A third feature of the text’s original language calls our attention. Again, English translations miss the nuance. The New Revised Standard Version and other translations use the English words “home” and “dwell” to translate the Greek, but these translations miss an important image. A more literal translation would read: “See, the tent of God is among mortals, God will tent with them as their God…” The reference to God’s tent and God tenting with God’s people evokes the tent of meeting that housed God’s presence with Israel in the desert after their escape from Egypt. As Huber and O’Day note, John’s vision promises his audience that just as God camped with the Israelites in Exodus, so too God will camp with us.1 In a world where the houseless are increasingly criminalized for camping in public, modern Christians would be astute to remember where God resides.

Aside from the Greek, one final image captures my interest: an image of God wiping away our tears. What God offers in this moment is not a one-way ticket out of Dodge. God offers care. God does more than simply rescue God’s people. God joins God’s people in their pain and suffering and expresses sympathy and concern for them. Just as they see God, God sees them.

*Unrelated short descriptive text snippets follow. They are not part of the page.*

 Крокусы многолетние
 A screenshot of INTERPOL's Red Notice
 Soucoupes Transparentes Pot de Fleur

I think we often miss this detail because we are too quick to jump to the second half of the verse—“mourning and crying and pain will be no more.” We are so eager to get to the good news that we end up ignoring the care God offers at the beginning of the verse. This image of a compassionate and tender God reminds me of the image of Jesus weeping with Mary and her neighbors in the Gospel of John (11:32–34). While both stories offer expressions of resurrection, neither ignores or attempts to erase the pain and suffering of God’s people. Resurrection isn’t in the business of starting over. Resurrection isn’t in the business of quick fixes.

These images of God and Jesus mourning alongside us are too important to overlook. Modern society often chastises crying, viewing it as a sign of weakness. In politics, this perception is especially stark. Leaders who show tears are frequently ridiculed or deemed unfit for their roles. When President Obama teared up while speaking about gun violence, for example, some critics dismissed his display of emotion as performative and a sign of fragility. Minutes after his second inaugural address, President Trump quickly chided his political enemies, labeling one opponent a “crying lunatic.” In a world that favors power and rhetoric over genuine empathy, a God who joins us in our tears is a powerful image of resurrection.

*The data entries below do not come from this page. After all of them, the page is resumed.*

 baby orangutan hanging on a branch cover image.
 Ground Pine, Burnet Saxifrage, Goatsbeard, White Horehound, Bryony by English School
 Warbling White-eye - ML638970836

This fifth Sunday of Easter, John reminds us that we are not heaven bound. Heaven is bound for us. God has come to dwell among God’s people, even in our moments of pain and suffering. So, yes, it might be tempting to destroy it all and rebuild from the ground up, but that is not the work God calls us to do. God calls us to join God in the good work of redemption, the work of radical care. We don’t have to burn it all down. We don’t have to escape to some new world. God meets us right here on earth. This is what dispensationalist theology misses. God is not waiting for us to join God in heaven. God is waiting for us to join God in the good work right here on earth.


Notes

  1. Lynn R. Huber and Gail R. O’Day, Revelation, Wisdom Commentary Series 58 (Collegeville, MN: Liturgical Press, 2023), 327–328.